◆ Data shown
- Opening Delimiter -

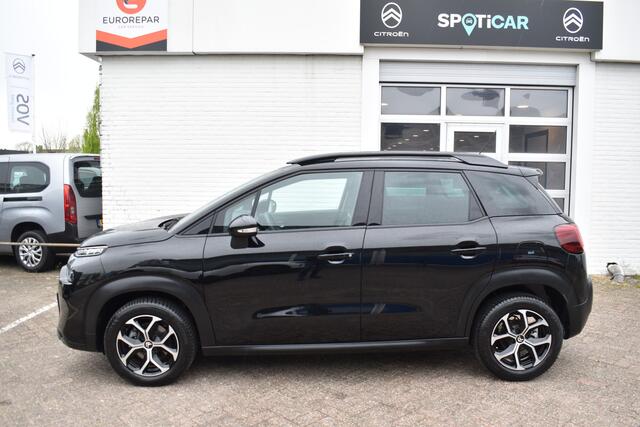 Citroen C3 Aircross PureTech 110 Max Trekhaak | Navi | Airco | 4 Seizoenen banden | Parkeerhulp | Grip controle |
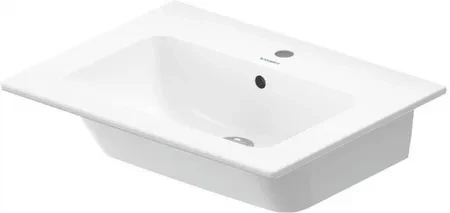 Умывальник DURAVIT ME by Starck 63 см (23366300001)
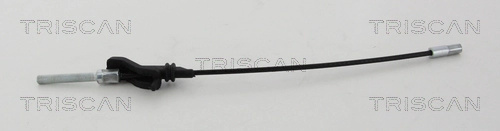 Cablu, frana de parcare TRISCAN 8140161185 pentru masina FORD FOCUS III Turnier 2010 2011 2012 2013 2014 2015 2016 2017 2018 2019 2020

- Closing Delimiter -

◆ Task to carry out
Line by line, write out the material exactly, leaving the images out.

◆ Written answer
 Citroen C3 Aircross PureTech 110 Max Trekhaak | Navi | Airco | 4 Seizoenen banden | Parkeerhulp | Grip controle |
 Умывальник DURAVIT ME by Starck 63 см (23366300001)
 Cablu, frana de parcare TRISCAN 8140161185 pentru masina FORD FOCUS III Turnier 2010 2011 2012 2013 2014 2015 2016 2017 2018 2019 2020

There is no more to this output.